The Letters of Recommendation:
Letters of recommendation should be stellar; simply put, a plain letter is a negative one. Make sure that the writers know you well. They should address your abilties, and you should make sure that each recommender has a draft of your proposal (or at least a short description) so that they can comment on it. If they show enthusiasm in their letter it will often carry over into the review process. A draft also gives the writer something to comment on if they do not know you well enough to comment on your abilities.
Your CV should be formatted simply, just like everything else. A single colored line or a highlighted name is about all the embellishment that you should have. The focus should be on describing your activities and accomplishments in a way that those unfamiliar with them can understand quickly.
Order matters with your CV. A good order of sections is:
Name and Contact Info
Education, including current classes and GPA
Honors and Awards
Skills, Relevant volunteer activities, etc.
It might be okay to flip research experience and publications, but otherwise this is a safe order. You want to highlight the things that make you unique - if you put research experience first, the committee will have to dig to locate why you’re different from the other tens of thousands of applicants. If you have awards first, they can quickly see that others have recognized your potential already.

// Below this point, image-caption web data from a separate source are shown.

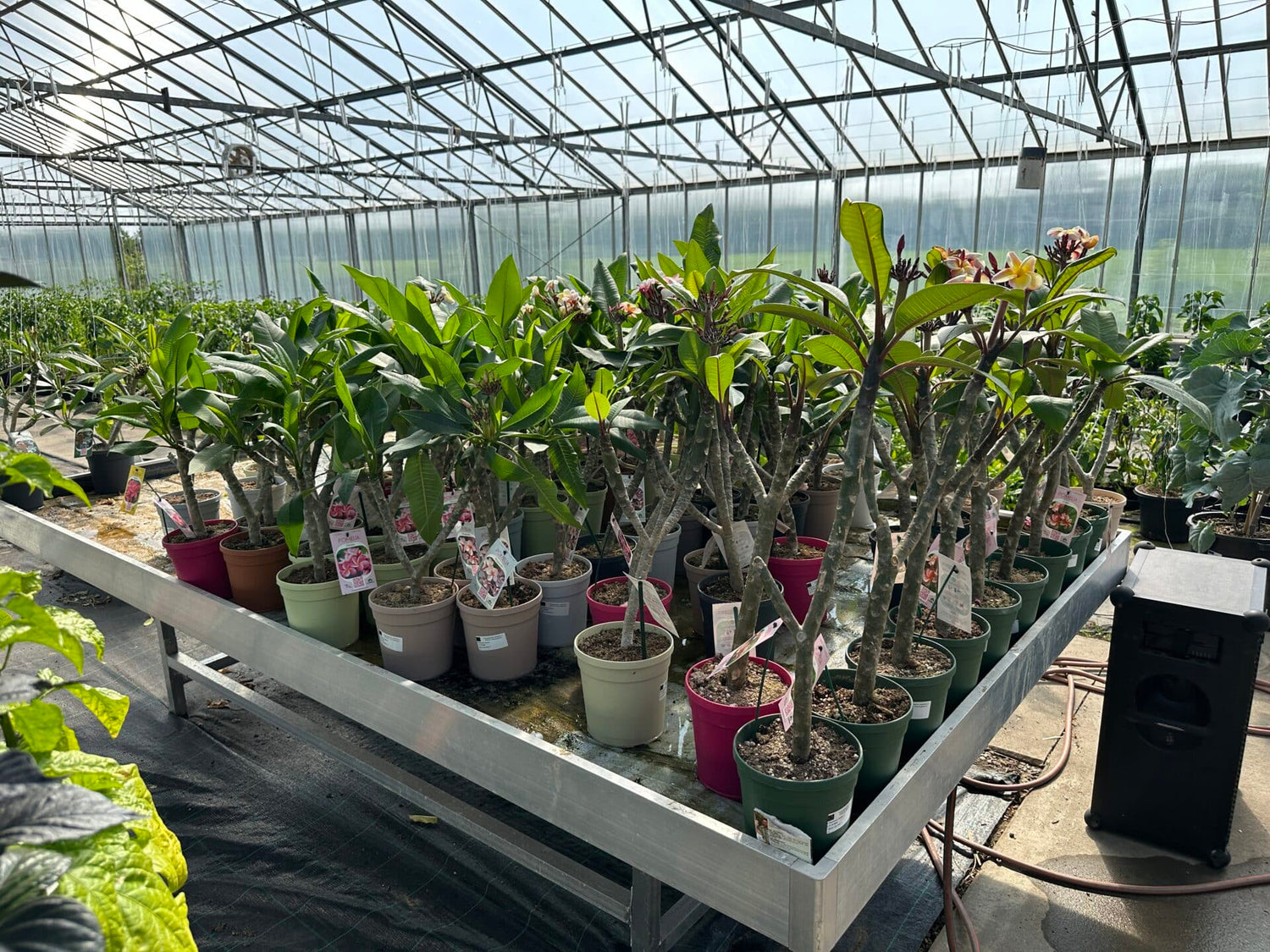 Plumeria - Elsie - PLANTE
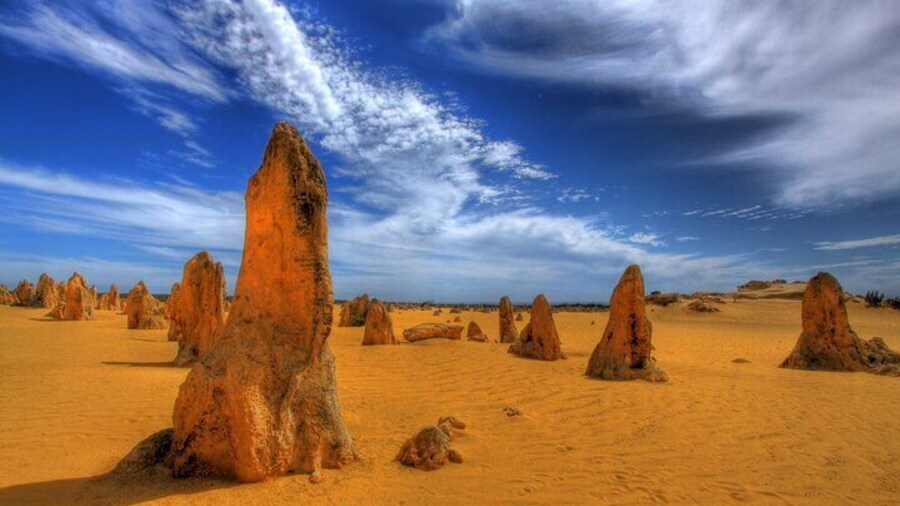 Pinnacles Desert, Yanchep and Swan Valley with Lunch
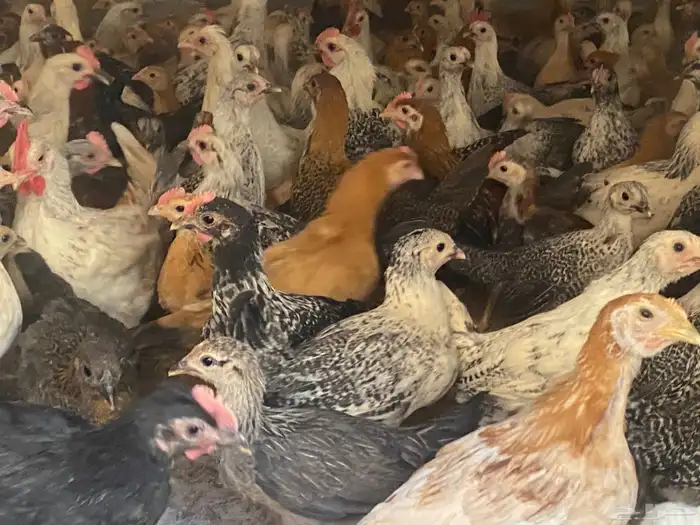 دجاج للبيع العدد 2000 وفقاسات عدد 2 8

I will keep editing this page periodically as I think of relevant information. It was written rather quickly, so please excuse any errors (but please point them out in the comments). Best of luck and remember, no award defines you as a scientist - we are defined by the work we do and the contributions we make to knowledge and other people. If you aren’t successful this year, it doesn’t mean you won’t succeed - to even be applying puts you among an elite group. Keep your chin up and your head in the books; you’ll be just fine.